I have a rough night of it on the bus. Sleep will not swaddle me, it just claws me down  into its shallows intermittently. The bus feels like it’s one minute skidding across train tracks, the next floating on pillows of cloud. I wake in a sour mood, go marching off for breakfast which I find (like all the others of our party) within a few blocks in a traditional American diner. The Huevos Rancheros are delicious but come with an enormous slice of melon, which along with fucking strawberries is a 1980s Californian affectation that should NEVER have been adopted across this great nation. Eggs and fruit on the same plate are like biker jackets and neckties — they should never be seen together. Why would I want egg yolk on a pice of melon? In god’s name why?

One of those circular ceiling loudspeakers drizzles pop upon me; Latin, acoustic, country — all the inoffensive flavours of manufactured music you can think of. The one thing very noticeable as you leave the coast is the absence of mask wearing. There’s often a whiff of disdain when you enter places masked up. For some it’s still a political act. I completely understand middle America’s distaste for being judged by smug cosmopolitan liberals. But I don’t think I should be judged for being considerate. Bob Dylan comes on, something from his shit ‘80s period where he sounds like Daffy Duck in a fit of pique. It’s a bright blank day outside, cold enough to keep you on the hop. I deposit my $25 and take to the street.

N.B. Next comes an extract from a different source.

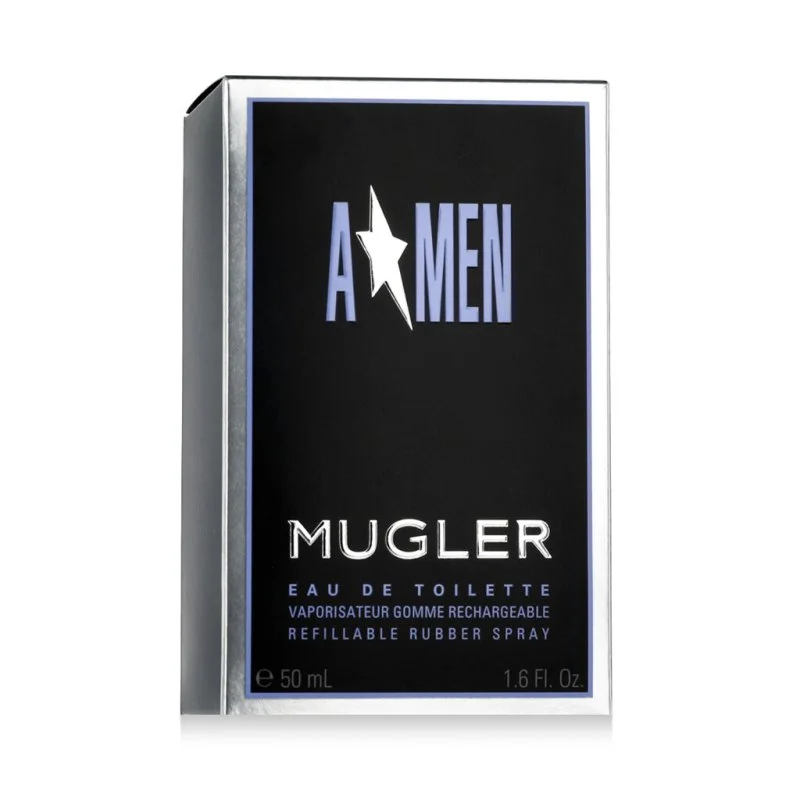 A*Men Refillable Eau de Toilette for Men 50 ml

I walk a few miles north on Broadway, the sun glinting aggressively off the six lane highway. These sprawled cities built around the automobile are extremely alienating on foot. The complete absence of street life is unsettling, yet beyond all the tinted windows and blank facades life is bubbling along — you just can’t see it. On the reverse trip I pop into Corvus Coffee Roasters. In Glasgow a roaster is an idiot but I fail to find much amusement in this. I’m just a little sick of the soullessness of these last few towns. I crave a crowded market, narrow streets, mopeds, a mob outside a pub. The last few days have been an inexorable parade of pick-up trucks sailing by in arrow straight trajectories. I sip my ethically-sourced drip coffee and poke a little vegan oat ball around a side plate. The cars brush past silently beyond the double glazing. The sun rains down, the dust lifts a touch then settles. I gaze across a parking lot on the other side of the street. The white tips of the Rockies sit stoically awake. Time for the long march back to the mothership.

Iain tips us off about a decent army surplus shop round the corner. B&B and I rummage happily among the hoodies and sweatshirts for a while before soundcheck where we find Kris proudly sporting a new leather jacket with a smile as wide as Denver itself. The Gothic Theatre is by far the best sounding room we’ve encountered so far. Warm and big like a real concert hall, it meshes our disparate frequencies together in a nice stew.

In the below stage dressing room I sit at the make-up mirror regarding my blotchy skin and drooping jowls. I was past it long ago, this offensive reflection just confirms it. What an embarrassment, what a joke. What a laugh.